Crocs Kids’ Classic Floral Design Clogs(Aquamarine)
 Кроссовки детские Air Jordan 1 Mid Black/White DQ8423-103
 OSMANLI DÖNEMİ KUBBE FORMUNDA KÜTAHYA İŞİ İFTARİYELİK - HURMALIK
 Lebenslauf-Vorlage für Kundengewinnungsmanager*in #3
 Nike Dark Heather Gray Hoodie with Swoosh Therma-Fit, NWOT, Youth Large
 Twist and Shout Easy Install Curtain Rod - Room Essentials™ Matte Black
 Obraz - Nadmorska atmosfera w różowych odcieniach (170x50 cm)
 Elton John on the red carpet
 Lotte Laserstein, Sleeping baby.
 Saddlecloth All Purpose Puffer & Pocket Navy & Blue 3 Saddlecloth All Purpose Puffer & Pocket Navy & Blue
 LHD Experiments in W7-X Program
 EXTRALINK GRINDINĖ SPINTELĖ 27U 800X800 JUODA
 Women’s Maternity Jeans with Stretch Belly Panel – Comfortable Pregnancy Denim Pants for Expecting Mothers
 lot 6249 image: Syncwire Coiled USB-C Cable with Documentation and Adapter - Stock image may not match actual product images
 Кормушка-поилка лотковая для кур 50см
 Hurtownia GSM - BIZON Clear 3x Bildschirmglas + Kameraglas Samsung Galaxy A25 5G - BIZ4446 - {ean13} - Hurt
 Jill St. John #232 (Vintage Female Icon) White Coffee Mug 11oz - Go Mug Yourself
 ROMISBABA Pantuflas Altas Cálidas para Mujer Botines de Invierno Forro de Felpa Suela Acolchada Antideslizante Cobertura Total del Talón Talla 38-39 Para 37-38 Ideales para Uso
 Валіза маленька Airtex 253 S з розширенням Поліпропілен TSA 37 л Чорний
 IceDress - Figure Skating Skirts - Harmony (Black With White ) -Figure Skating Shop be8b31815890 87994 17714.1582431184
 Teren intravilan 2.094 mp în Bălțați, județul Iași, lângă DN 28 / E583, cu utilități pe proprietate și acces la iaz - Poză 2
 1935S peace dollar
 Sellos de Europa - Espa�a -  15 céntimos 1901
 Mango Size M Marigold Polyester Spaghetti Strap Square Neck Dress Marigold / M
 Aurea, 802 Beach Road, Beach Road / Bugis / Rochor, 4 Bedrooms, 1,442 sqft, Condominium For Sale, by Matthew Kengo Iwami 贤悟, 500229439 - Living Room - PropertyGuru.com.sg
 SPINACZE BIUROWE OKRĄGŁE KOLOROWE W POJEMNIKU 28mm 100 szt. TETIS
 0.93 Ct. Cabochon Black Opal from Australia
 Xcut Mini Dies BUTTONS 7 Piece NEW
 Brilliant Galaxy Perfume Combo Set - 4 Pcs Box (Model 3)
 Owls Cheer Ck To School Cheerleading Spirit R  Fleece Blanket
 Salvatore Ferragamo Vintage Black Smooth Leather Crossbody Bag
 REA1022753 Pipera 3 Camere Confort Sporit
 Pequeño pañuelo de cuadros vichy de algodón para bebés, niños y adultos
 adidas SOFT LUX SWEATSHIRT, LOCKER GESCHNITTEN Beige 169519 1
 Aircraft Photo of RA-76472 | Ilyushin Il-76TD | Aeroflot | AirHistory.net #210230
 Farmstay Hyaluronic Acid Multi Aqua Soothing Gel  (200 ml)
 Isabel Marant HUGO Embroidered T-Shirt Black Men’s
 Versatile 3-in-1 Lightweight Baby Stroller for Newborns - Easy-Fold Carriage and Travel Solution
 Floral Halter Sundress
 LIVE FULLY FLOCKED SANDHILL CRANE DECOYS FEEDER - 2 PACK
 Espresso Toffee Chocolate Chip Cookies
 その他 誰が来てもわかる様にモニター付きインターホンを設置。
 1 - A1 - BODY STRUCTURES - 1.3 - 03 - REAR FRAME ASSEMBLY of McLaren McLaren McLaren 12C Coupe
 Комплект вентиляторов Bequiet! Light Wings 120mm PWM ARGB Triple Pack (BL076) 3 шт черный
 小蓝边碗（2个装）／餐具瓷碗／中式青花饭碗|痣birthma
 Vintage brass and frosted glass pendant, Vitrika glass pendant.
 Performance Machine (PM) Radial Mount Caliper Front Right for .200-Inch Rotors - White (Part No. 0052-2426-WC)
···
Exercise instructions: The lines that contain the word "Easy" are wanted; copy each of them from the records.

Written response:
 Twist and Shout Easy Install Curtain Rod - Room Essentials™ Matte Black
 Versatile 3-in-1 Lightweight Baby Stroller for Newborns - Easy-Fold Carriage and Travel Solution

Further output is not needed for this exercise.